Gute Kitas und Schulen für die sich entfaltenden Kinder, Gemeinschaftsorte, Akademien und gut bezahlte Arbeit für die in Selbstzweifeln lebenden Erwachsenen, das wünsche ich mir.
Wer das bezahlen soll? Auch wenn wir die Armen kaltblütig sich selbst überlassen, ist das teuer. Die Frage ist, ob wir Respekt, Freundlichkeit und Gemeinschaft leben wollen oder Abgrenzung. Die Summe bleibt gleich.
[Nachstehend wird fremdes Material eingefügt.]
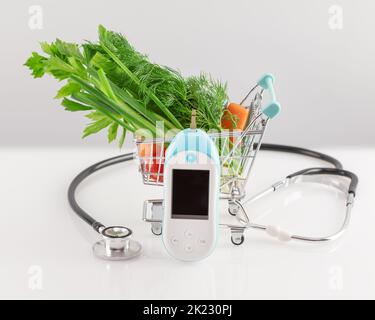 Verdure biologiche in un carrello con glucometro e stetoscopio su un tavolo bianco. Dieta vegetariana, la dieta migliore per il diabete. Concetto di no dia Foto Stock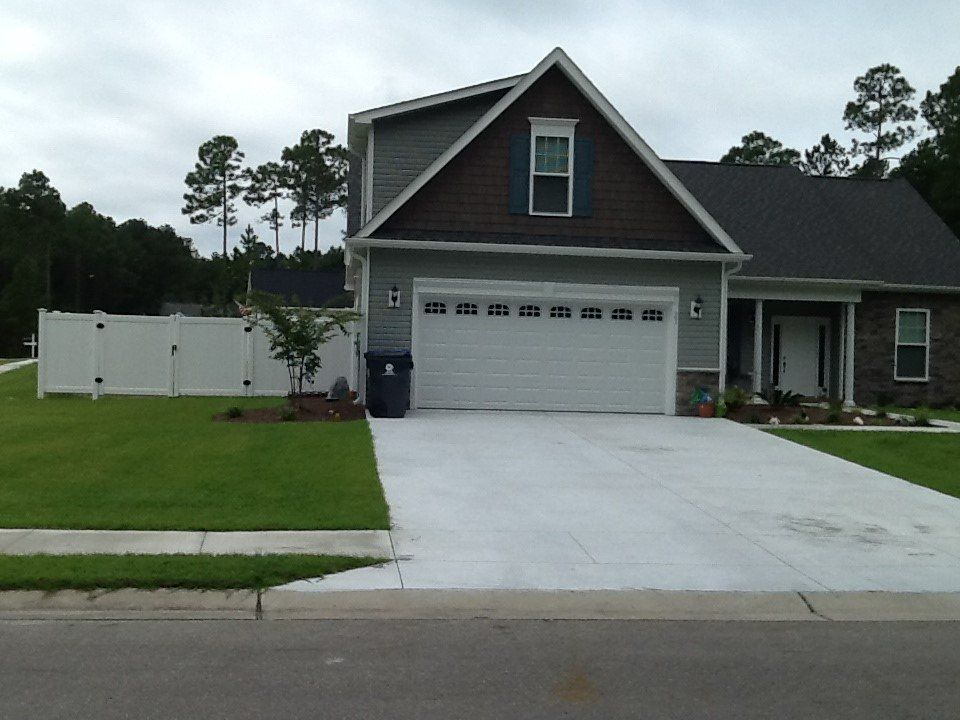 A house with a white garage door and a white fence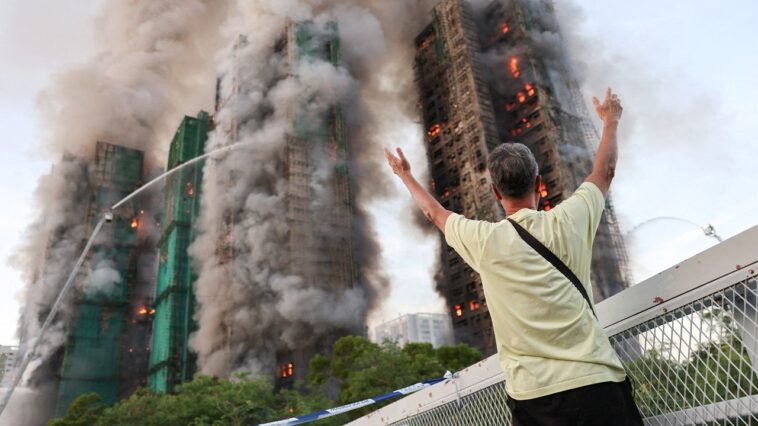 fire-tears-through-hong-kong-housing-complex,-killing-at-least-13-with-others-reported-trapped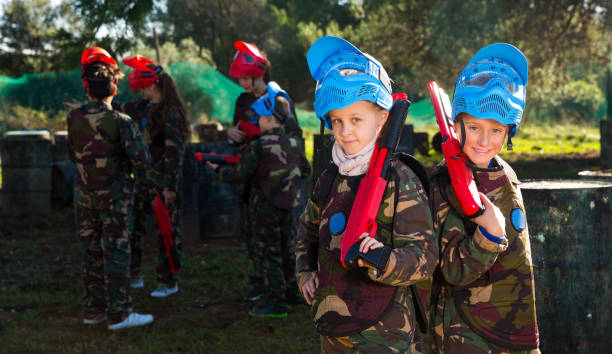 istock Two kids paintball players 1166158004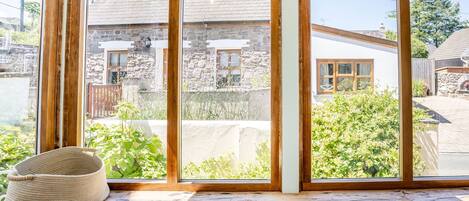 A room with a large window overlooking a stone building and greenery.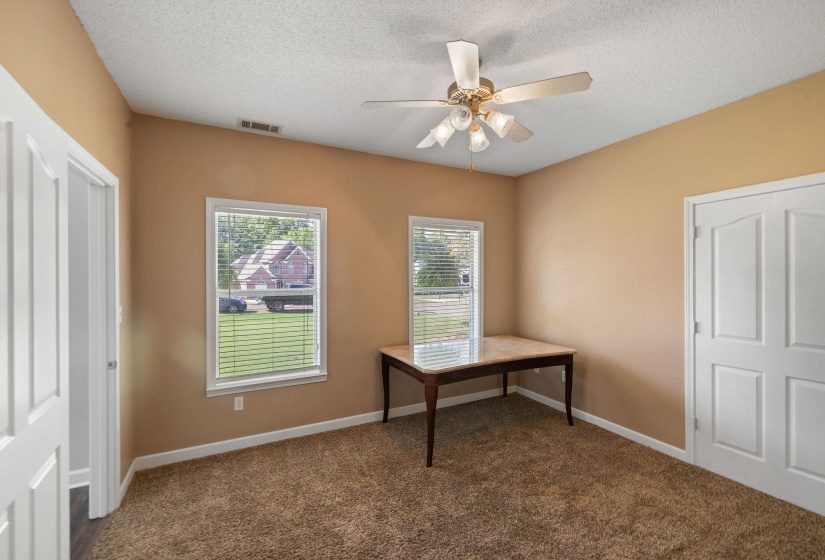 Unfurnished office featuring ceiling fan, dark carpet, and a textured ceiling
Die Gesellschaft ist unser Spiegel
Auch in Amerika kostet Armut viel Geld – zum Beispiel in den überquellenden Gefängnissen. Auch in Skandinavien sind die Kosten – langfristig betrachtet – nicht höher als in Ländern ohne brauchbares, verantwortungsvolles Sozialwesen. Die Welt ist ein Spiegel. Das, was wir unseren Nächsten entgegenbringen, ist das, was wir ernten. Arbeit ist Würde. Und Jeder kann etwas zur Gesellschaft beitragen. Jeder wird gebraucht.